For example, this is how you can train neuron B to activate 0 when neuron A activates 1:
var A = new Neuron();
var B = new Neuron();
A.project(B);
var learningRate = .3;
for(var i = 0; i < 20000; i++)
{
// when A activates 1
A.activate(1);
// train B to activate 0
B.activate();
B.propagate(learningRate, 0);
}
// test it
A.activate(1);
B.activate(); // 0.006540565760853365
#####squashing function and bias
By default, a neuron uses a Logistic Sigmoid as its squashing/activation function, and a random bias. You can change those properties the following way:
var A = new Neuron();
A.squash = Neuron.squash.TANH;
A.bias = 1;
There are 4 built-in squashing functions, but you can also create your own:
##Layer
Normally you won't work with single neurons, but use Layers instead. A layer is basically an array of neurons, they can do pretty much the same things as neurons do, but it makes the programming process faster.
To create a layer you just have to specify its size (the number of neurons in that layer).
var myLayer = new Layer(5);
#####project
A layer can project a connection to another layer. You have to provide the layer that you want to connect to and the connectionType
:
var A = new Layer(5);
var B = new Layer(3);
A.project(B, Layer.connectionType.ALL_TO_ALL); // All the neurons in layer A now project a connection to all the neurons in layer B
Layers can also self-connect:
A.project(A, Layer.connectionType.ONE_TO_ONE);
There are two connectionType
's:
- Layer.connectionType.ALL_TO_ALL
- Layer.connectionType.ONE_TO_ONE
If not specified, the connection type is always Layer.connectionType.ALL_TO_ALL.
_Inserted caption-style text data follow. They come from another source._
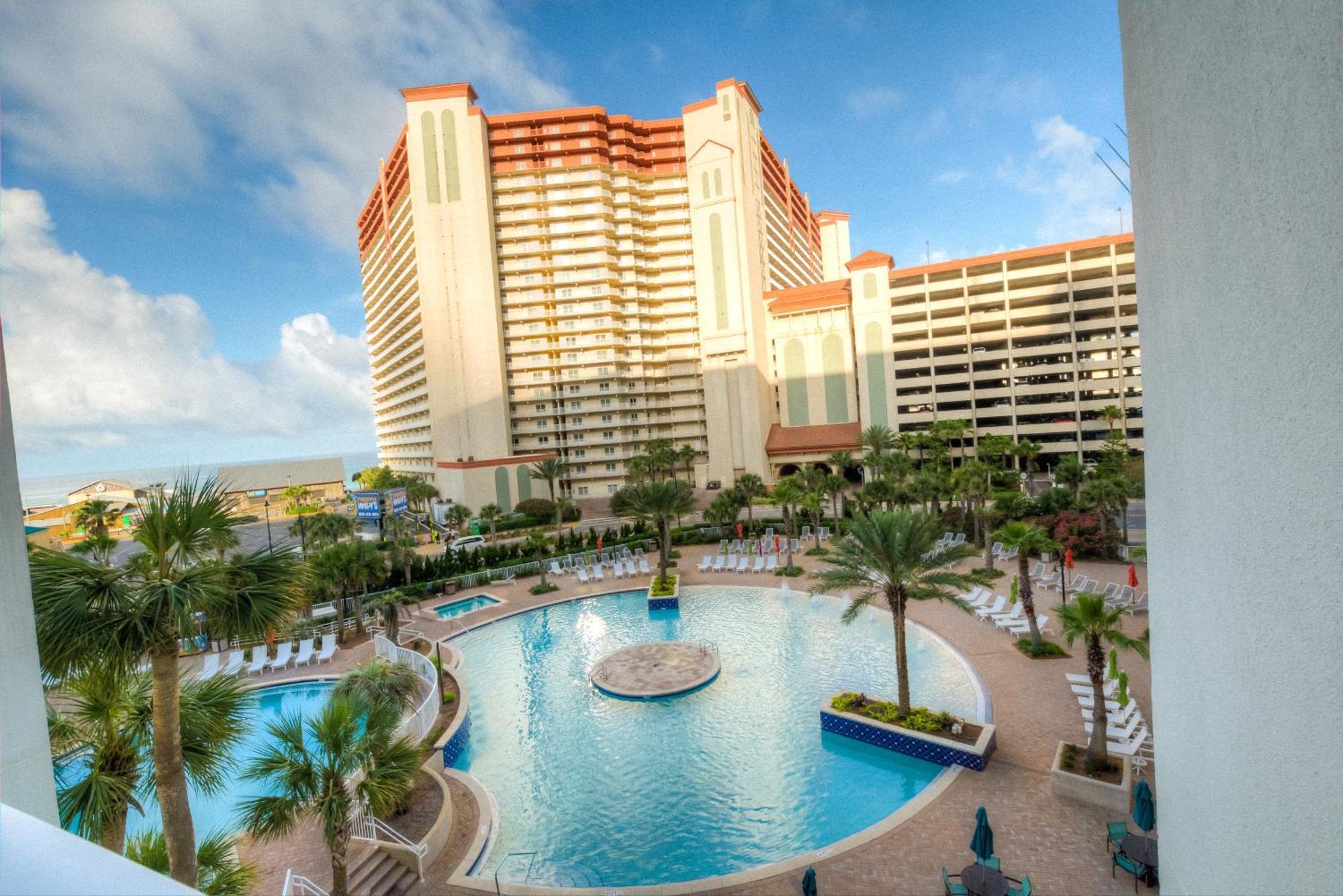 Laketown Wharf Resort 631 By Aneliya Panama City Beach Exterior foto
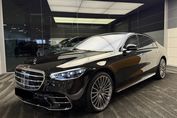 Mercedes Klasa S 450 d 4-Matic L AMG Line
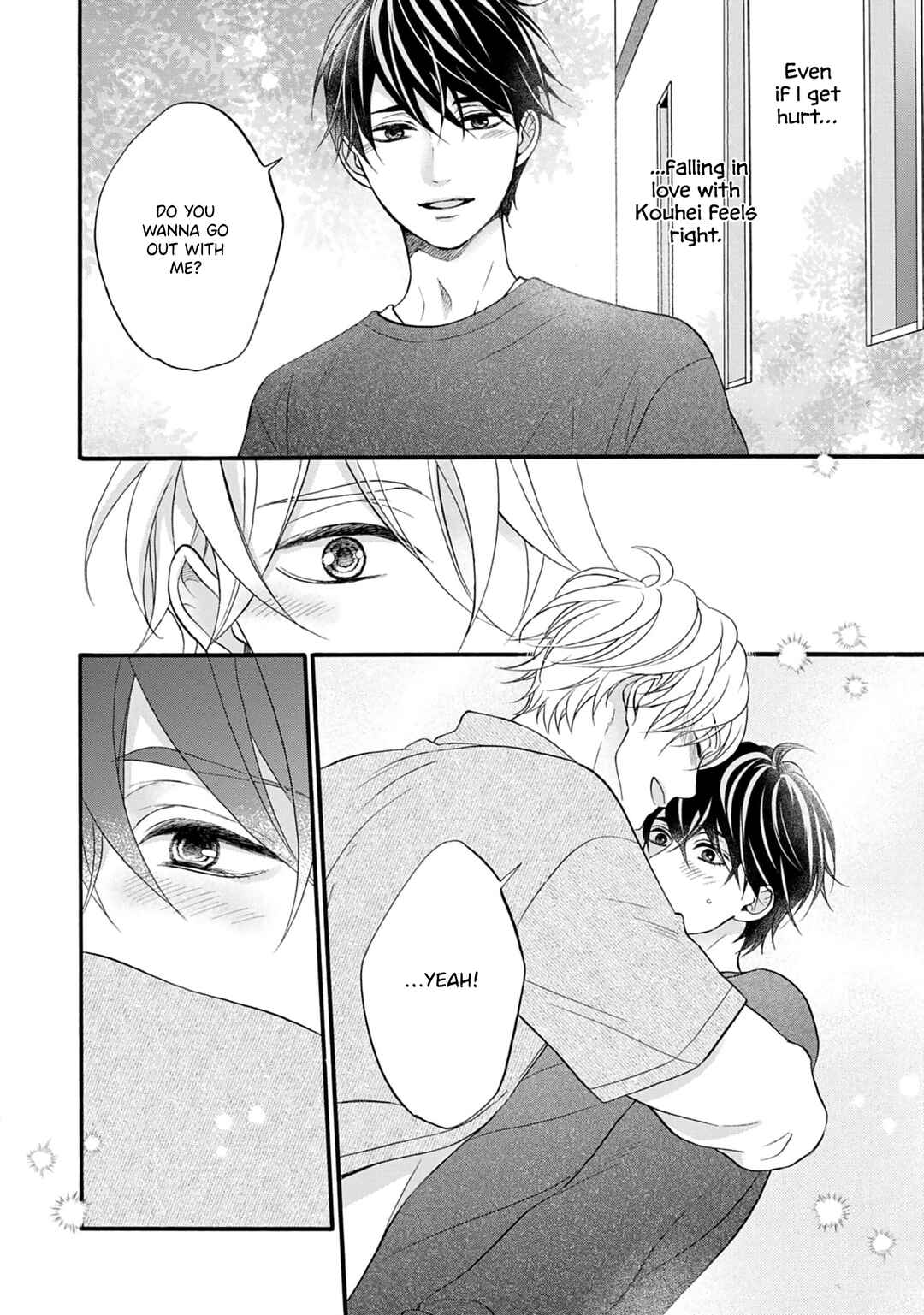 Page 26 Chapter 5 Koi wo Shitara Konna Kao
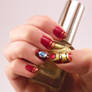 Iron Man Nails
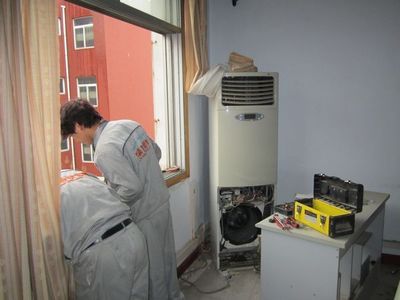 中原區西四環路空調專業服務指南 維修、移機、拆裝與加氟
If you make a one-to-one connection, both layers must have the same size.
The method project returns a LayerConnection
object, that can be gated by another layer.
#####gate
A layer can gate a connection between two other layers, or a layers's self-connection.
var A = new Layer(5);
var B = new Layer(3);
var connection = A.project(B);
var C = new Layer(4);
C.gate(connection, Layer.gateType.INPUT_GATE); // now C gates the connection between A and B (input gate)
There are three gateType
's:
- Layer.gateType.INPUT_GATE: If layer C is gating connections between layer A and B, all the neurons from C gate all the input connections to B.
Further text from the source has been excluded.